The line with "Modern Bride Wine" marks the first line to copy, and the line with "Fruits & Vegetables, Gray" marks the last. Transcribe that stretch of the data below exactly, without pictures.

*Input for this task*:
⁂
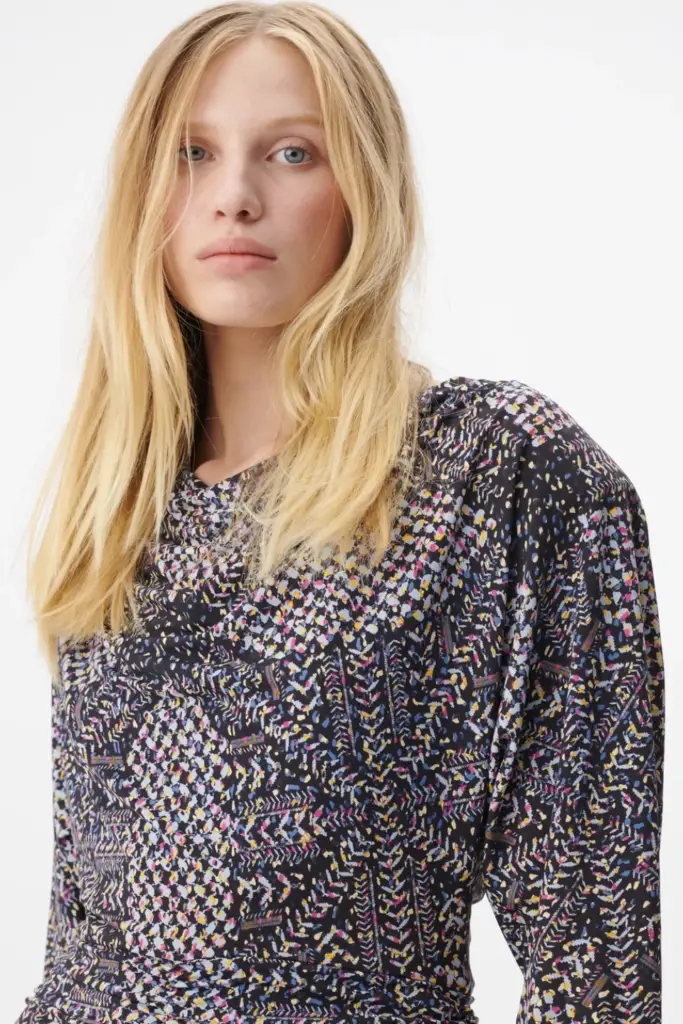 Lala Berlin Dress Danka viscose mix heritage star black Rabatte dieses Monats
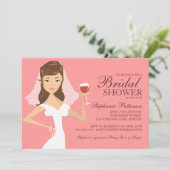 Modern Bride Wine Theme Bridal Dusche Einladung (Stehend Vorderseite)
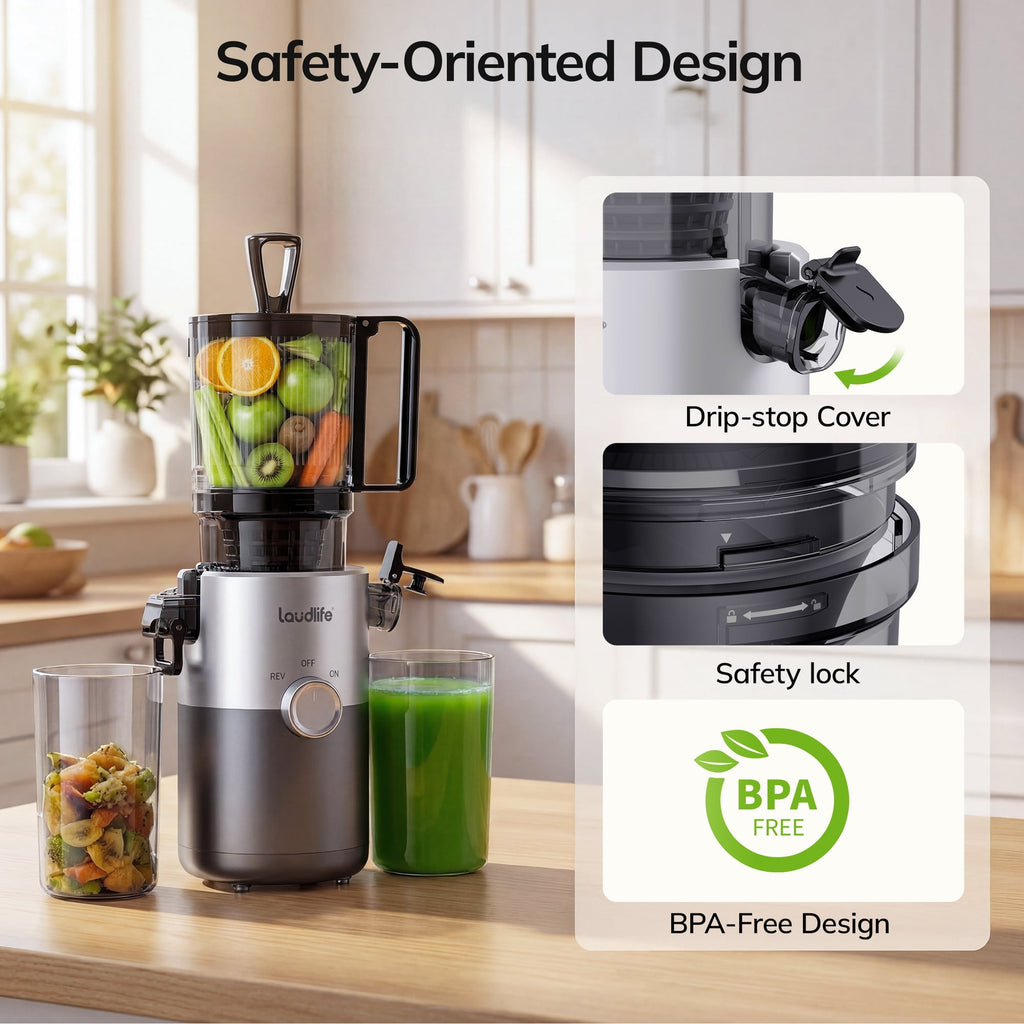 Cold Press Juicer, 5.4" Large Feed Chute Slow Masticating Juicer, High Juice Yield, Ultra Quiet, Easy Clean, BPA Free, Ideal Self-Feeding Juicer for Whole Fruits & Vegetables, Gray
⁂
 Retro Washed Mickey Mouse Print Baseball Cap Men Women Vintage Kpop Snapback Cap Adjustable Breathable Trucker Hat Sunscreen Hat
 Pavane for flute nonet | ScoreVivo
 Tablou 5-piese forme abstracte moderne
⁂
*Result of this task*:
 Modern Bride Wine Theme Bridal Dusche Einladung (Stehend Vorderseite)
 Cold Press Juicer, 5.4" Large Feed Chute Slow Masticating Juicer, High Juice Yield, Ultra Quiet, Easy Clean, BPA Free, Ideal Self-Feeding Juicer for Whole Fruits & Vegetables, Gray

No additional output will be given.